• _Exercise objective_
A verbatim copy of the listing is needed; pictures are to be left out.

• _Given records_
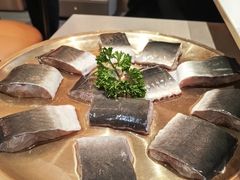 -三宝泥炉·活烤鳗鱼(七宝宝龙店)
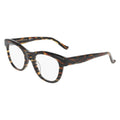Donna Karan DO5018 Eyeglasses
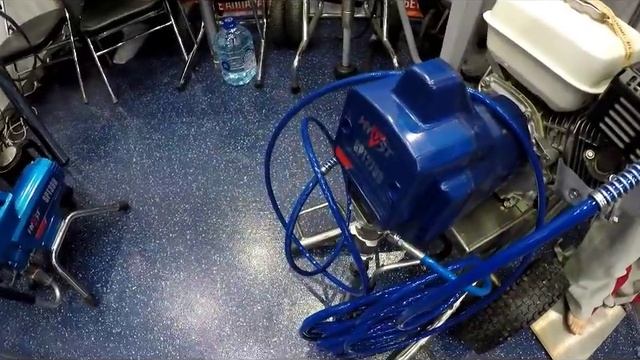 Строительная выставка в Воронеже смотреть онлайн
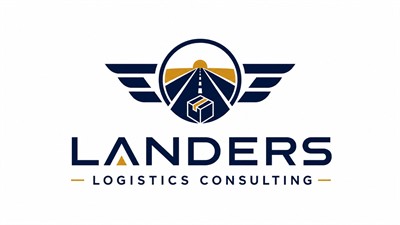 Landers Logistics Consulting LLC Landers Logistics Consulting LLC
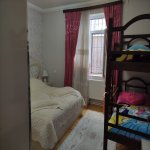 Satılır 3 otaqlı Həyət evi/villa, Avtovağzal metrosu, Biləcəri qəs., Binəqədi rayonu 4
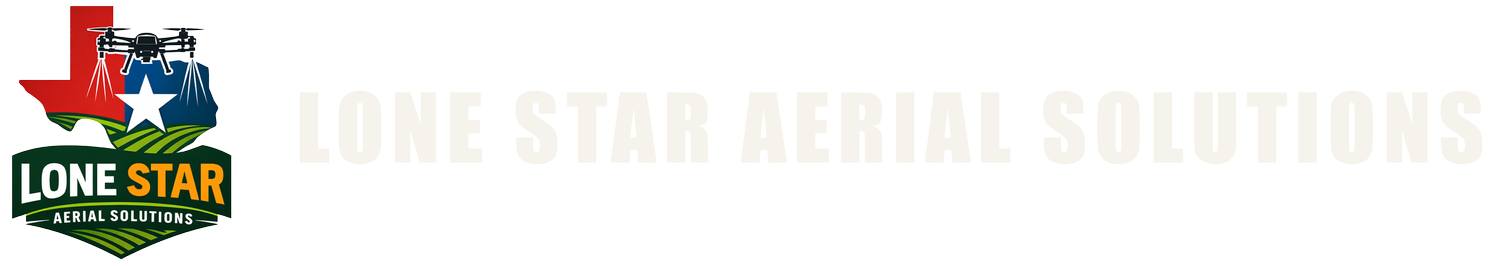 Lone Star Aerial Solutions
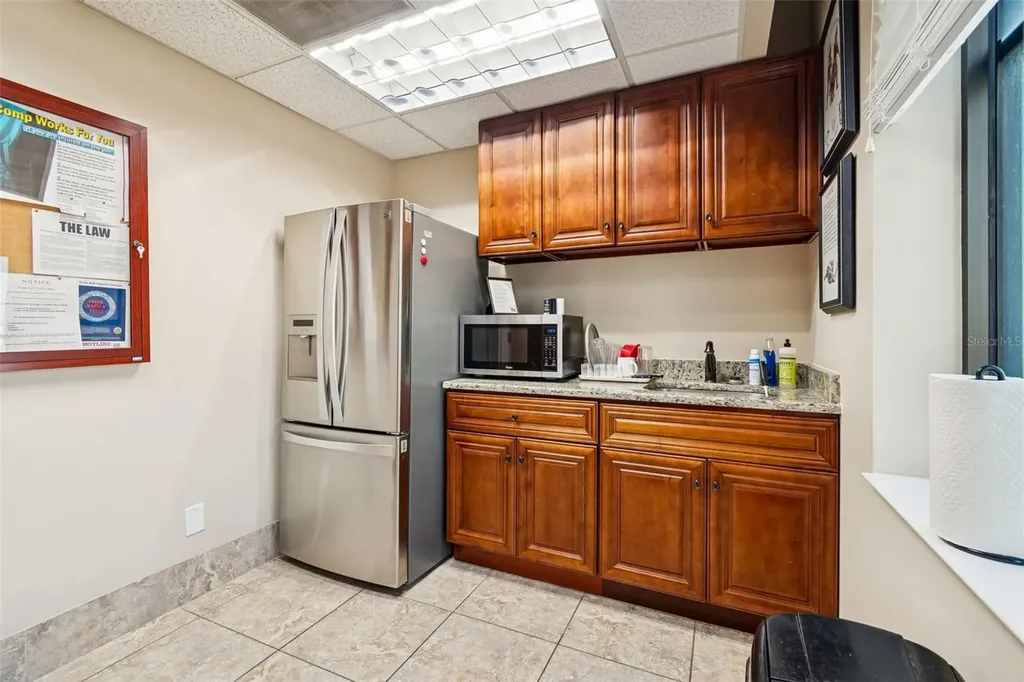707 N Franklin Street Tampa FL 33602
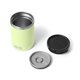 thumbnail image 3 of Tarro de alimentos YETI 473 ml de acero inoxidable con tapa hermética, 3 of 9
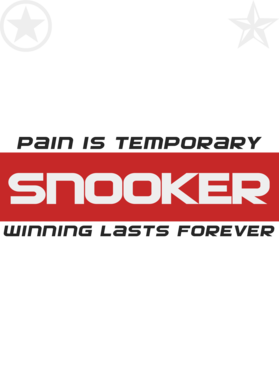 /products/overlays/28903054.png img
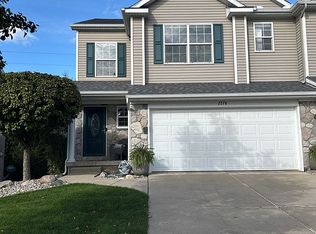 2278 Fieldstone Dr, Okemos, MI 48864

• _Expected answer_
 -三宝泥炉·活烤鳗鱼(七宝宝龙店)
Donna Karan DO5018 Eyeglasses
 Строительная выставка в Воронеже смотреть онлайн
 Landers Logistics Consulting LLC Landers Logistics Consulting LLC
 Satılır 3 otaqlı Həyət evi/villa, Avtovağzal metrosu, Biləcəri qəs., Binəqədi rayonu 4
 Lone Star Aerial Solutions
707 N Franklin Street Tampa FL 33602
 thumbnail image 3 of Tarro de alimentos YETI 473 ml de acero inoxidable con tapa hermética, 3 of 9
 /products/overlays/28903054.png img
 2278 Fieldstone Dr, Okemos, MI 48864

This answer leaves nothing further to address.